The novel swarms with people and places: the country vicar and his wife, the denizens of a German pension, the clerks of a London counting-house, students in the Latin Quarter of Paris—there is an astonishing richness of portraiture, with Philip always in focus among his fortuitous associates, guardians, tutors, employers, mistresses, friends, and all equally real, obsessingly alive. I have not seen so richly full, so crowded a canvas, since Mr. Dreiser's "Titan"; but while Mr. Dreiser's work is in little more than grisaille, Mr. Maugham's is in full color, and while Mr. Dreiser's effect is, to me at least, static, Mr. Maugham's is to a degree dynamic. In short, "Of Human Bondage" is immensely stimulating. And although in reading so large a book it is difficult to apperceive an underlying beauty of design, in retrospect the pattern grows clearer and its success more and more cumulative. There is only Mr. Maugham's deliberate personal reticence, his quietly guarded air of detachment, slightly to wonder at.
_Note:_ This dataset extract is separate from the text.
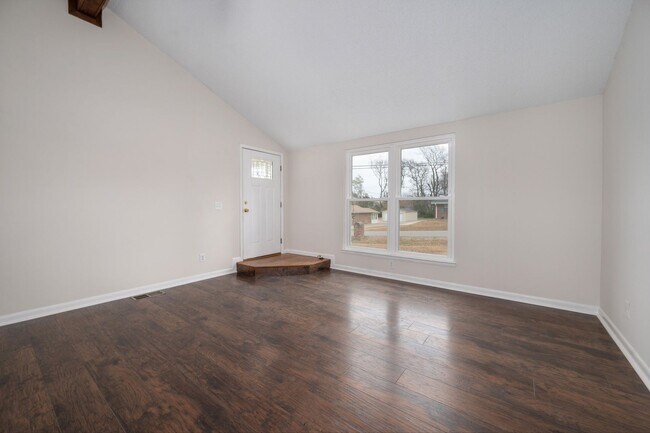 Foto del edificio - 3 Bedrooms with Full Basement on Corner Lot!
LORD FREDERIC HAMILTON has written a delightful little book of detective stories called "The Holiday Adventures of Mr. P. J. Davenant," the proceeds of which are to go to the Marchioness of Lansdown's "Officers' Families Fund." The tales concern a gentleman serving during the war as an Assistant Commissioner at Scotland Yard, who enlists "P. J.," an English schoolboy, as his junior aide. Together, but chiefly owing to P. J.'s singular knack for the work, they ferret out a number of plots and bring to book a gang of German spies. The stories are very ingenious little things, and P. J. is drawn with much charm. It's amusing to see Lord Frederic endow him with several overpersistent mannerisms analogous to those of Sherlock Holmes, but at the same time he never forgets to keep him sheer boy. That he is preternaturally clever is, if a trifle disconcerting, a permissible convention in this kind of story. The book as a whole is a light affair, but one of exceptionally clean workmanship,— pleasantly interesting and thoroughly engaging.
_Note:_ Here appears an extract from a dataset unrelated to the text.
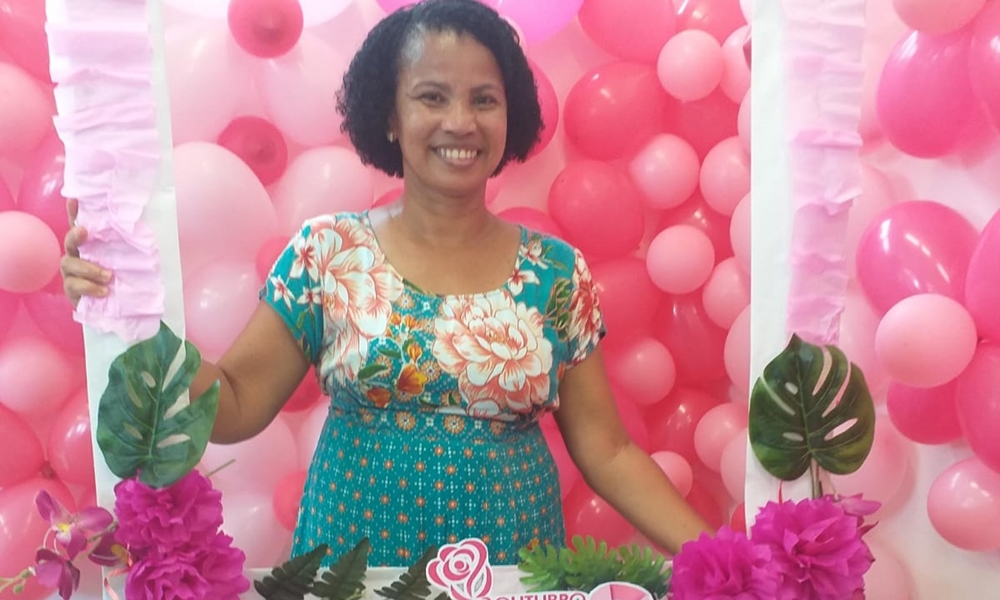 Outubro Rosa: "O câncer não é o fim, é possível vencer", afirma Marinalva Vencedora, que enfrentou a doença três vezes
"TALES FROM FIVE CHIMNEYS," by Mr. Marmaduke Pickthall, will notably appeal to those who have traveled in the near East, because of the author's intimate knowledge of the Mohammedan mind, his alert eye for native color, his keen dramatic sense, and his gift of clear, neat, swiftly-moving style. His stories, especially the oriental ones which comprise the first half of the collection, have a definiteness and sureness of effect that rank them well above the average.